There seems to be a rather uncomfortable pattern emerging.
When Boo started school last year, I cried for the first two weeks of dropping her off.
I have cried at parents evenings, sports day, her first school trip (and her second).
I admit I am a crier.
In January, a worried mum came up to me saying: ‘my husband said you were crying yesterday. Are you ok?’. I said: ‘Oh yes it was G’s first birthday. What is wrong with me?
So we are heading into the last week of Boo’s reception year and guess what?
I can’t stop crying.
When I think of the fears and worries I had when she entered Reception have just transferred to Year One.
Despite her excelling everything we could have hoped for. Despite her being the total little star that she is.
I think most mothers think their child is amazing but for those that really know us as a family and know Boo, you can’t deny that our Booble is a special one.
Her school report caused more tears from me.
There were people who said she wouldn’t do certain things but she has.
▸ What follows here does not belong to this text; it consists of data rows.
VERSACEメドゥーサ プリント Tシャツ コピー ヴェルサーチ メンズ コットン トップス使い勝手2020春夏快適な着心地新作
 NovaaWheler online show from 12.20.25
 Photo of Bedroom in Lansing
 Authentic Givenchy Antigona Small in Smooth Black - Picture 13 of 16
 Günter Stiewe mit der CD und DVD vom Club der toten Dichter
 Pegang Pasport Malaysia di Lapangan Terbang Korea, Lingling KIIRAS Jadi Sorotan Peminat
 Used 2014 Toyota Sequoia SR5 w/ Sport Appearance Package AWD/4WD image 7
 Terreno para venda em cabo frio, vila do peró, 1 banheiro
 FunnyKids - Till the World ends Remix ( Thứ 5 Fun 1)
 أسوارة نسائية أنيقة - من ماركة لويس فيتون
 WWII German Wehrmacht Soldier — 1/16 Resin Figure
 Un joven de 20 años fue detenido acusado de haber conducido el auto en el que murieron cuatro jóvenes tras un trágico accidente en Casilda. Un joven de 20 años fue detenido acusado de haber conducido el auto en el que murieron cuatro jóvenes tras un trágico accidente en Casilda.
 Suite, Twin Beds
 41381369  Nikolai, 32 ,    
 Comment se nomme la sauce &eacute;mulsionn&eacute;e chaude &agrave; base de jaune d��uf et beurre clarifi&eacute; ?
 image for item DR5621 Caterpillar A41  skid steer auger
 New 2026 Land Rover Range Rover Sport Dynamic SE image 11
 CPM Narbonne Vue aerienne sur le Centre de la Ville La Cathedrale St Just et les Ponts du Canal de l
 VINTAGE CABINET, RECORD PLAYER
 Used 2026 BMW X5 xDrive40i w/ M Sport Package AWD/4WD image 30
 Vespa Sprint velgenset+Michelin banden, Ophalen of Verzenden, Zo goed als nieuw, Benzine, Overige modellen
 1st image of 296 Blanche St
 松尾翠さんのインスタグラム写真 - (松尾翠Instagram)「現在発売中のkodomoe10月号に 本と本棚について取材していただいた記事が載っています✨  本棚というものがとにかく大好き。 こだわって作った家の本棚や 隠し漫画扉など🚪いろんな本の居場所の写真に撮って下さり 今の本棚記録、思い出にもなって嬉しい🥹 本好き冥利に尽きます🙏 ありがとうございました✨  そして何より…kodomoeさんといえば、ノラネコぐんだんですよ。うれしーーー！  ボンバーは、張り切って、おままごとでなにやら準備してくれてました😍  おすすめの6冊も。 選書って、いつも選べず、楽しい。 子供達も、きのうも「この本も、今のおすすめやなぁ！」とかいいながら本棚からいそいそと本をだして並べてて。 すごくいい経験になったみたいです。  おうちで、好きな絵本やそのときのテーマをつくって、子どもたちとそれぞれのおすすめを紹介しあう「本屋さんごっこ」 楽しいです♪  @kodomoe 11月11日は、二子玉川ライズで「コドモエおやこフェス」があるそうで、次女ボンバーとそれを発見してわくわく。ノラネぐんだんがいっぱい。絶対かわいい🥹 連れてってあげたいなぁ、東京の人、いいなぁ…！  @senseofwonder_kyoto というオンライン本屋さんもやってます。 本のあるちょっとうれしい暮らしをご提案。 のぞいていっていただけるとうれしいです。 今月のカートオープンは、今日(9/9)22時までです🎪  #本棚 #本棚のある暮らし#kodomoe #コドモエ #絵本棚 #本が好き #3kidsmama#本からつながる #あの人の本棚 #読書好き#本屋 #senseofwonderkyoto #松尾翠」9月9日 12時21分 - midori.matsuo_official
I think it is fair to say that if I am still crying now, the chances are, I will cry every year-jut because I find it hard to think of my babies growing up.
I never attended an open day at my daughter’s school. I knew I wanted her to go to that school.
She has had the most amazing first year and, do you know what? So have I.
I could not have wished for a more caring and loving environment for my first born’s education. We have been welcomed into the school family just like that-part of the family.
I just can’t promise I won’t cry for the next five years.